# Scanning documents and images in bulk or just use my Nikon d3400?



## Don001 (Jun 14, 2017)

I have more than 1300 old photos and some very important, can’t afford to lose documents with me, which I need to scan into my computer. I am having a confusion, whether I should photograph all those photos and documents with my Nikon new D3400 or buy a dedicated scanner for the purpose. I know that scanner may produce better results for document imaging and photo scanning. I would like faster conversion and don’t need to spend a lot of money. Is there a way I could improve the results if I photograph them? Or is there any cheap, but good quality scanners available? I would appreciate some quick help here.


----------



## weepete (Jun 14, 2017)

If they are just family photos and stuff I'd just photograph them with the D3400. If it's stuff you want professionaly printed later on I'd look to have them scanned.


----------



## Derrel (Jun 14, 2017)

The camera will be faster. You might need a macro lens. The 85mm f/3.5 DX Macro is inexpensive, but might be a bit too long for use without a copy stand and adequate room. If the photos are small, say 4x6 inches, the 85mm lens might require you to be within 2 feet of them, which is workablke; If they are bigger, like 8x 10 photos, you'd need to stand farther away.


----------



## Dave442 (Jun 14, 2017)

For documents I often just use the scan to PDF app on my phone, it automatically knows to make the paper white and lets you crop. For a big batch of documents I have a flatbed scanner with paper feeder - I have it make a multi-page TIFF and then I edit each page and print to PDF.

Prints I usually photograph using a homemade copy stand and the macro lens. Years ago I found out my grandfather had photographed all the old family tintype images and the copies were the version hanging on the wall - that just sort of stuck with me.


----------



## cgw (Jun 18, 2017)

For Nikon DX, the oft-overlooked Micro Nikkor 40/2.8g is near-perfect--and every bit as good as the venerable 55/3.5. I use it with a D7200 on a  Manfrotto copy stand with a light box for slides and 120 negs.

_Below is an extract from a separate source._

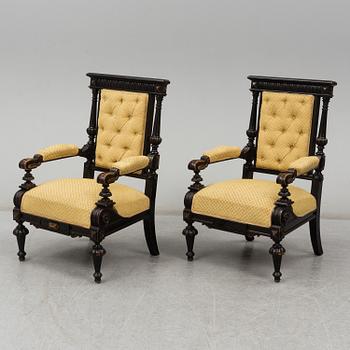 A pair of late 19th century armchairs.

As noted above, camera scanning is quick, not to mention capable of precise focus--two things flatbeds just don't deliver.


----------



## Derrel (Jun 18, 2017)

Dave442 said:


> For documents I often just use the scan to PDF app on my phone, it automatically knows to make the paper white and lets you crop. For a big batch of documents I have a flatbed scanner with paper feeder - I have it make a multi-page TIFF and then I edit each page and print to PDF.
> 
> Prints I usually photograph using a homemade copy stand and the macro lens. Years ago I found out my grandfather had photographed all the old family tintype images and the copies were the version hanging on the wall - that just sort of stuck with me.



I just got one of these apps for my iPhone...snap a picture...BOOM! Coverts a receipt or piece of paperwork to a .PDF...works super fast...


----------



## Boy_Cringe (Jun 20, 2017)

Just buy a dedicated scanner i guess since the result is better. The problem now is how could you make it with that 1300 photos.


----------



## Don001 (Jun 20, 2017)

Thank you guys! Sorry for the late reply. I won't print them later, but I also don't want to compromise on quality. Most of them are clicks of our precious memories with friends and family. And some important docs too. I know Camera can make it fast, scanner can give better results and that's exactly what is confusing me. I have tried a few apps available for Android and they couldn't give me desired quality. iPhone may give better results, but I don't have one. I think I'll give a try using d3400 with 30-50 photos  and see how good they are. If it's good, I 'll do the same with rest of them. But there are some docs too. Do you think a scanner works better with them than a camera?


----------